Getting started: practical fine-tuning steps

 

Getting started: practical fine-tuning steps

  • Define the task → collect/input–output pairs; if data is scarce, synthesize with prompts/templates.

  • Start small → try a 400M–1B parameter model to gauge baseline performance.

  • Vary data size to see returns from more examples.

  • Evaluate → inspect what works/doesn’t; iterate by collecting targeted new data.

Scaling difficulty

  • Reading vs. writing tasks: writing (chat, emails, code) is harder—more output tokens → usually needs larger models.

  • Composite/agentic tasks (multiple abilities in one go) further increase difficulty → consider bigger models.

Compute & hardware realities

  • Training needs far more memory than inference (gradients + optimizer states).

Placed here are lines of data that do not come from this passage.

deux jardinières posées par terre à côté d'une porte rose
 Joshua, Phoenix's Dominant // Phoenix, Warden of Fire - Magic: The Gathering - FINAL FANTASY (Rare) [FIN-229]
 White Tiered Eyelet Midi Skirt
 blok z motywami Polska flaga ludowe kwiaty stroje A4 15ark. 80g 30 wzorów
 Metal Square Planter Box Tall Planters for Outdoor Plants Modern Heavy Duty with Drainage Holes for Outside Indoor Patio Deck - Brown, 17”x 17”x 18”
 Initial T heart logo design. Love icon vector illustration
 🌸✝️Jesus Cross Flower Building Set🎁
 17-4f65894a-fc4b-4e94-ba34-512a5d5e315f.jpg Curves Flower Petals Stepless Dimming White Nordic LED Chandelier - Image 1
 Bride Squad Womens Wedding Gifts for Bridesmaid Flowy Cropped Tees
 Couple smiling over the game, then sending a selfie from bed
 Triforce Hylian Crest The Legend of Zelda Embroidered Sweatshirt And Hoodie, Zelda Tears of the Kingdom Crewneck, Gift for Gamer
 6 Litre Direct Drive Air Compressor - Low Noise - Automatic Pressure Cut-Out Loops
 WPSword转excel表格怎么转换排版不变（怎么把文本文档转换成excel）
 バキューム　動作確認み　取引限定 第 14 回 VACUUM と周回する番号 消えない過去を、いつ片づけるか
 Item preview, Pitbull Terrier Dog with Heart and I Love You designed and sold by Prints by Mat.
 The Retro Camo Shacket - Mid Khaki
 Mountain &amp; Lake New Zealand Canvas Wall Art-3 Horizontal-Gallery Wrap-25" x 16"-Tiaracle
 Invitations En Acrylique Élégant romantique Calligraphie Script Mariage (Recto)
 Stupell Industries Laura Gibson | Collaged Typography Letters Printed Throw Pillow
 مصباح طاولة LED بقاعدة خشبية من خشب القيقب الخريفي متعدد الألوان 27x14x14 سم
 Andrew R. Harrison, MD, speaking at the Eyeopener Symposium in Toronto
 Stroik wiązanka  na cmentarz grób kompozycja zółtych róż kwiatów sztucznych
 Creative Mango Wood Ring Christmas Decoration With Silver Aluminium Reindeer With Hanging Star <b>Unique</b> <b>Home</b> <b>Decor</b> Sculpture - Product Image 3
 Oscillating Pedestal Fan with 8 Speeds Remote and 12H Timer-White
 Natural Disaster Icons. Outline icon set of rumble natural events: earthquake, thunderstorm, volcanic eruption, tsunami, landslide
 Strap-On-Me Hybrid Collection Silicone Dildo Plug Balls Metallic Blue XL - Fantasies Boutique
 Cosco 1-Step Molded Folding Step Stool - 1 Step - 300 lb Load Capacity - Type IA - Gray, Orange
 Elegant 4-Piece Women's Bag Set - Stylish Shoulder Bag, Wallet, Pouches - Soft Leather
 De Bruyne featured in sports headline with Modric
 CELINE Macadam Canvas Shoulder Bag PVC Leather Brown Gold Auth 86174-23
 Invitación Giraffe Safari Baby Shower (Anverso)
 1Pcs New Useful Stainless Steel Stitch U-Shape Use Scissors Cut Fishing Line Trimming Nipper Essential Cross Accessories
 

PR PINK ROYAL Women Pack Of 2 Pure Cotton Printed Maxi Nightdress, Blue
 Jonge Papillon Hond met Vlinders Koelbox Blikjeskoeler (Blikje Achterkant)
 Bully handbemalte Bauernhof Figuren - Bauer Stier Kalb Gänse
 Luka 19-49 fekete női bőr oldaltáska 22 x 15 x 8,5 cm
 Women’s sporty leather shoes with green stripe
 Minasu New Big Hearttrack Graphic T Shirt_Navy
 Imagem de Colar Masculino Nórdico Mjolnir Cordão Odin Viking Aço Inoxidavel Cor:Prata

  • Example: a single V100 (16 GB) can infer a ~7B model but typically only train around ~1B params without tricks.

  • To fit larger models or speed up: use more GPUs or efficiency methods.

PEFT (Parameter-Efficient Fine-Tuning) & LoRA

  • PEFT adapts big models by training small add-on weights while freezing base weights.

  • LoRA (Low-Rank Adaptation):

    • Replaces full weight updates with low-rank matrices in selected layers.

    • Reported effects (example cited in lesson): up to 10,000× fewer trainable params and ~3× less GPU memory vs full fine-tune.

    • Slight accuracy drop vs full FT, but same inference latency (adapters can be merged into base weights).

    • Great for multi-tenant setups: train separate LoRA adapters per customer/task and swap/merge at inference.

Bottom line: Start with a smaller model and simple tasks, iterate with data and evaluation, then scale model size and complexity. Use PEFT/LoRA to train efficiently when hardware is tight or tasks multiply.